Quintero hat jedoch keine Beweise für seine Behauptungen vorgelegt und sich geweigert, für diesen Artikel mit der FT zu sprechen. Einige der GEA-Firmen haben damit gedroht, Quintero wegen Verleumdung zu verklagen.

Der Ausgang der Schlacht wird über die Grenzen Kolumbiens hinaus zu spüren sein. Gemeinsam reichen die GEA Gesellschaften weit über das Land hinaus. Grupo Sura ist in 11 Ländern Lateinamerikas tätig. Nutresa exportiert in über 70 Länder weltweit.

Laut Proantioquia erwirtschaftet die GEA etwa 6 Prozent des kolumbianischen BIP.

„Die GEA-Firmen sind einer der Entwicklungsmotoren in der Region und haben jahrzehntelang jeden Teil der öffentlichen Ordnung in Medellín und Antioquia im Mikromanagement verwaltet“, sagte Javier Mejía, ein kolumbianischer Ökonom, der die Gruppe eingehend untersucht hat. „Lange Zeit waren sie wirklich der einzige Kanal, über den die Menschen Zugang zur formellen Wirtschaft in Antioquia hatten.“

Im Moment sieht es so aus, als wären Gilinskis Angebote ins Stocken geraten. Sein letzter Pfahlaufbau bei Nutresa im Mai und Argos im Juli blieb hinter dem Niveau zurück, das er anstrebte.

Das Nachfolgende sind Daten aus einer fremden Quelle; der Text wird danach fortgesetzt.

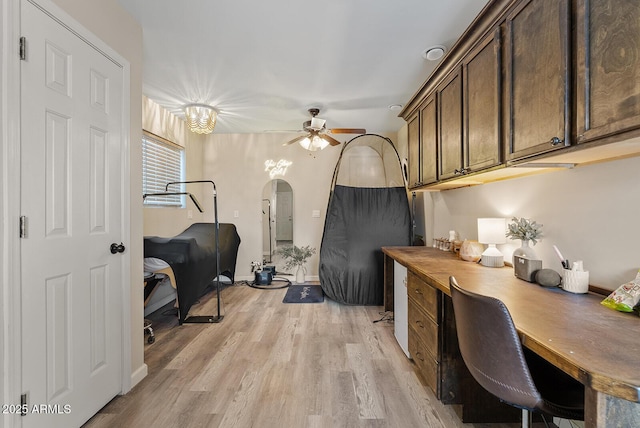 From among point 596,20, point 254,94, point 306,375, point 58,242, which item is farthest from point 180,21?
point 306,375

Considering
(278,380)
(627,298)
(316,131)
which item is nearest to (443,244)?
(627,298)

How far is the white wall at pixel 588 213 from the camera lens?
1214 mm

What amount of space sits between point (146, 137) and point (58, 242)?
91.0 inches

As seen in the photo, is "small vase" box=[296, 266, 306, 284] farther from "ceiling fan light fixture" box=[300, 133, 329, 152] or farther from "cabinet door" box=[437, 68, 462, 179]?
"cabinet door" box=[437, 68, 462, 179]

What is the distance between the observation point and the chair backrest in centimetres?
95

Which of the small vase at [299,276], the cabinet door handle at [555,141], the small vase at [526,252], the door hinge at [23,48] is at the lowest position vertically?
the small vase at [299,276]

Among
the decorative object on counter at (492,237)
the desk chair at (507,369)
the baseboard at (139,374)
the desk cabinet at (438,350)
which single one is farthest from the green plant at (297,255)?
the desk chair at (507,369)

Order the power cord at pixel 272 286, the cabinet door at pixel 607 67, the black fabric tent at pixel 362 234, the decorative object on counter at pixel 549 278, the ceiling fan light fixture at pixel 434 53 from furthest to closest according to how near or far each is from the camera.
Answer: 1. the power cord at pixel 272 286
2. the black fabric tent at pixel 362 234
3. the ceiling fan light fixture at pixel 434 53
4. the decorative object on counter at pixel 549 278
5. the cabinet door at pixel 607 67

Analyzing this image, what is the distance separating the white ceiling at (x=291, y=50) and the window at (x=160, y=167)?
0.49 metres

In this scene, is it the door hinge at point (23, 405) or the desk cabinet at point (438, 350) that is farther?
the desk cabinet at point (438, 350)

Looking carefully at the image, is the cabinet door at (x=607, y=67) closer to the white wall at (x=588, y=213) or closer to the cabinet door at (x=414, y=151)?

Ramos von LarrainVial sagte voraus, dass dies in den nächsten Wochen und Monaten zu einer „Pause in der Gilinski-gegen-GEA-Saga“ führen könnte. Er fügte jedoch hinzu: „Aber Gilinskis hohe Investitionen in GEA-Unternehmen deuten darauf hin, dass dies nicht die letzte Rate ist“.